To ensure that the specimen’s integrity is not compromised, it is essential to handle it correctly. When obtaining samples for cases requiring DIF, taking at least two punch biopsies is best. Paired samples optimize the diagnostic yield; one biopsy should be used for routine light microscopy, and the other should be reserved for DIF analysis. Bisecting a single punch biopsy has been suggested, but this technique has limitations in routine practice [
6,
38]. A larger punch (6 or 8 mm) is preferred if a single biopsy needs to be pre-bisected. The poor execution of the bisection can quickly induce a crush artifact and disrupt the blister.
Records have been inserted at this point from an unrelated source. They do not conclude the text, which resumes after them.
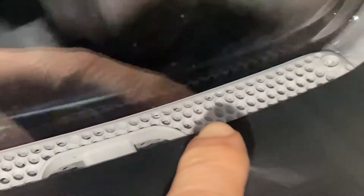This is where the filter is sitting, and to be able to clean the filter of your tumble dryer you need to open the machine like this.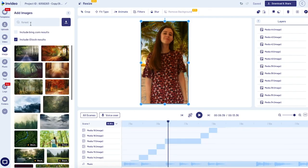Then you're going to repeat that process two more times — find your two other freeze frames, find photos to go in the background, and then add them in.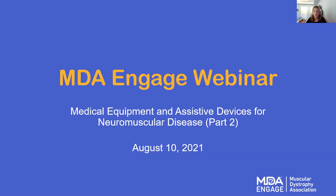Hi everyone, and thank you for joining us for this MDA Engage Community webinar on durable medical equipment. Many in the neuromuscular community will have a need for some type of durable medical equipment and assistive devices, and today will be the second webinar of our two-part series on this important topic. My name is Nicole Petrowski, and I am the Community Education Specialist at MDA.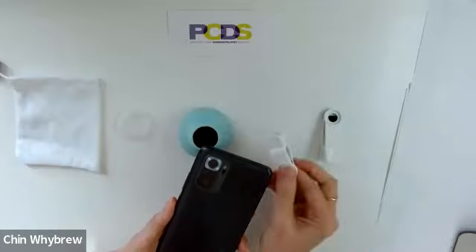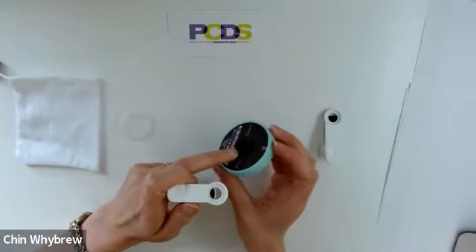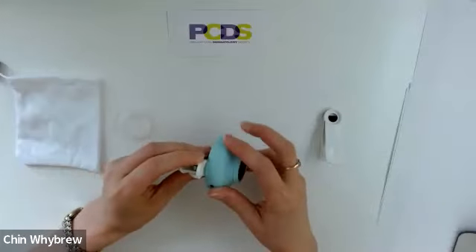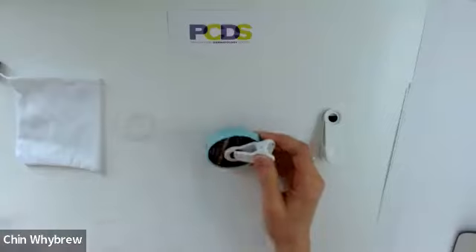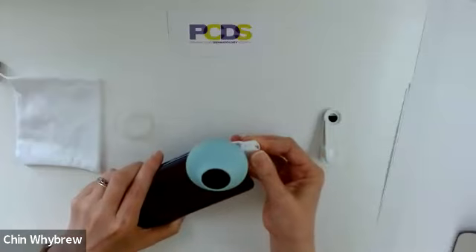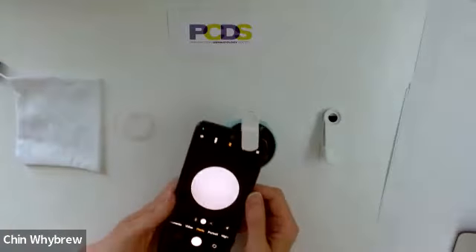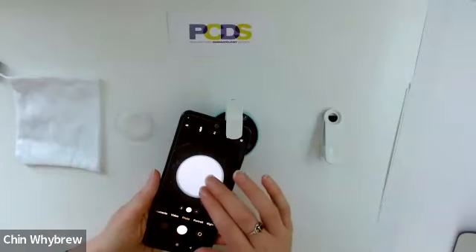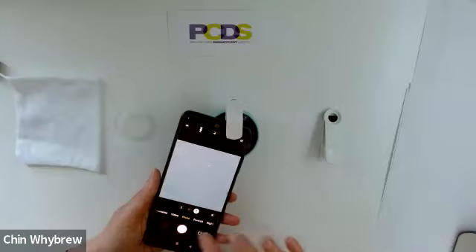I'm going to set it up for the smaller clip. What we do is attach the scope to the clip — there is a little thread here which screws onto the thread here, just like that, and that is now attached. Then I attach it to the phone, lining it up, put the phone onto camera mode, turn on the scope, and here we are. I can zoom in, tap on it to focus, and take a picture.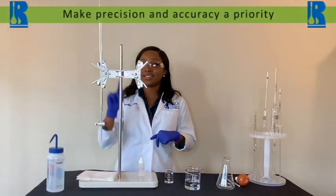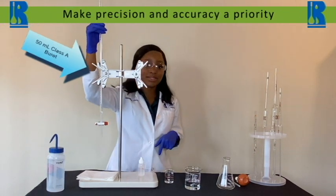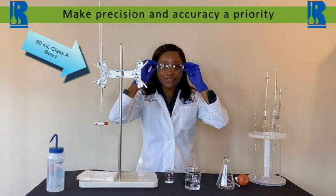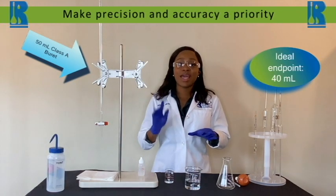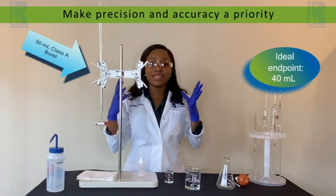In this case, our sulfuric acid is traceable to tris(hydroxymethyl)aminomethane by NIST. With manual titrations, it's best to use a 50 milliliter class A burette. Try to get as close to a 40 milliliter endpoint as possible — that will allow you to use about 80 percent of your burette, resulting in increased accuracy.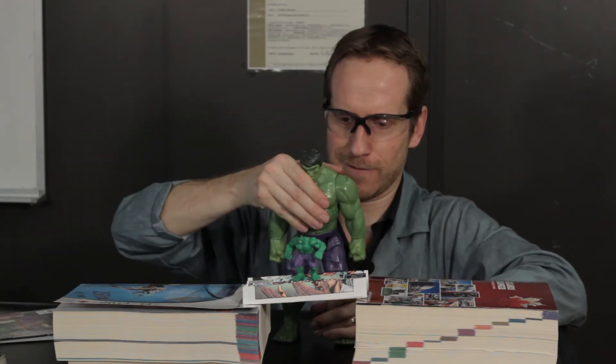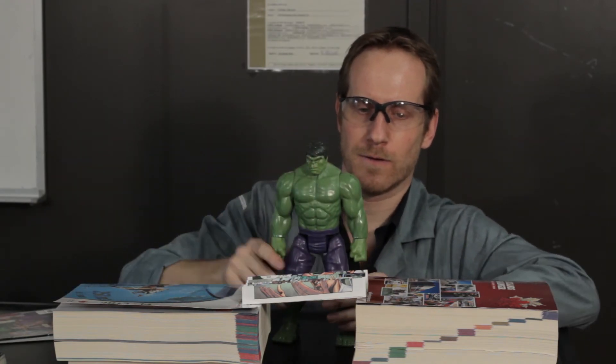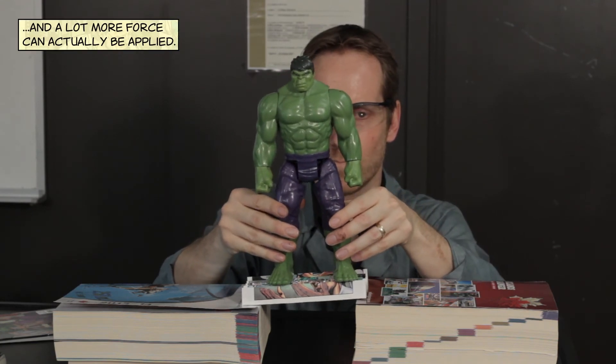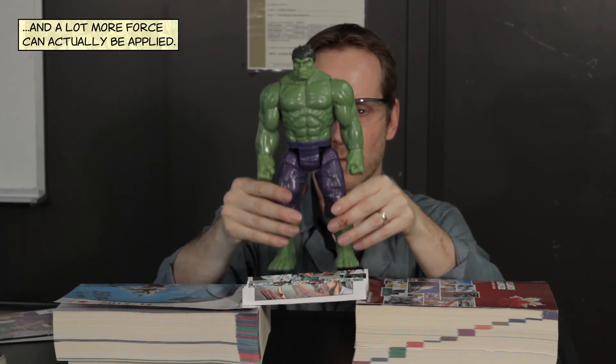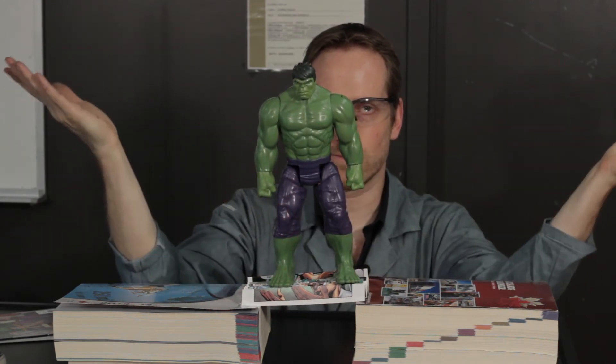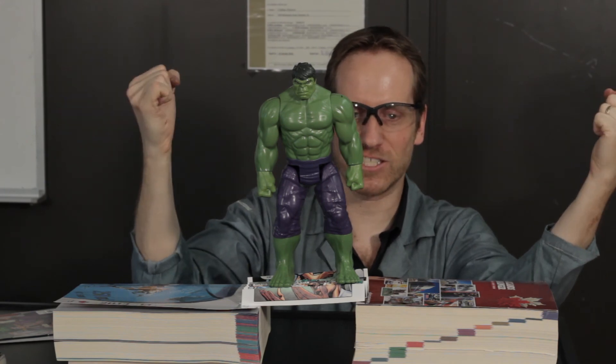Voila! Let's use a bigger Hulk. Voila! Very strong.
Mechanically manipulating the blister can cause the epidermis to separate entirely from the dermis, compromising both routine light microscopy and DIF interpretations. While carefully pre-bisecting a single biopsy may work in some subepidermal VBD, it is not suitable for intraepidermal VBD (e.g., pemphigus), hereditary EB, and Stevens–Johnson syndrome. In the latter conditions, as the blisters can be superficial, fragile, or have necrotic epidermis, manipulating the biopsy can easily disrupt its integrity.
10. Conclusions
Regarding diagnostic accuracy, selecting the appropriate biopsy site is of the utmost importance. To ensure that the biopsy results are reliable and accurate, it is recommended that the biopsy site for DIF is determined carefully. A synopsis of these recommendations is provided in
Table 1. It is noteworthy that poor site selection and improper specimen handling lead to errors in results and suboptimal evaluation, as highlighted in
Table 2. Therefore, it is crucial to consider these factors while choosing the biopsy site and handling the specimen to avoid any discrepancies in the final diagnosis. Selecting the optimal biopsy site requires integrating the physician’s comprehensive clinical assessment and adherence to the criteria for determining the most suitable location. If the healthcare providers conducting the biopsy have a sound understanding of the critical principles of selecting a site, they are more likely to identify the location that will provide the most accurate diagnostic information.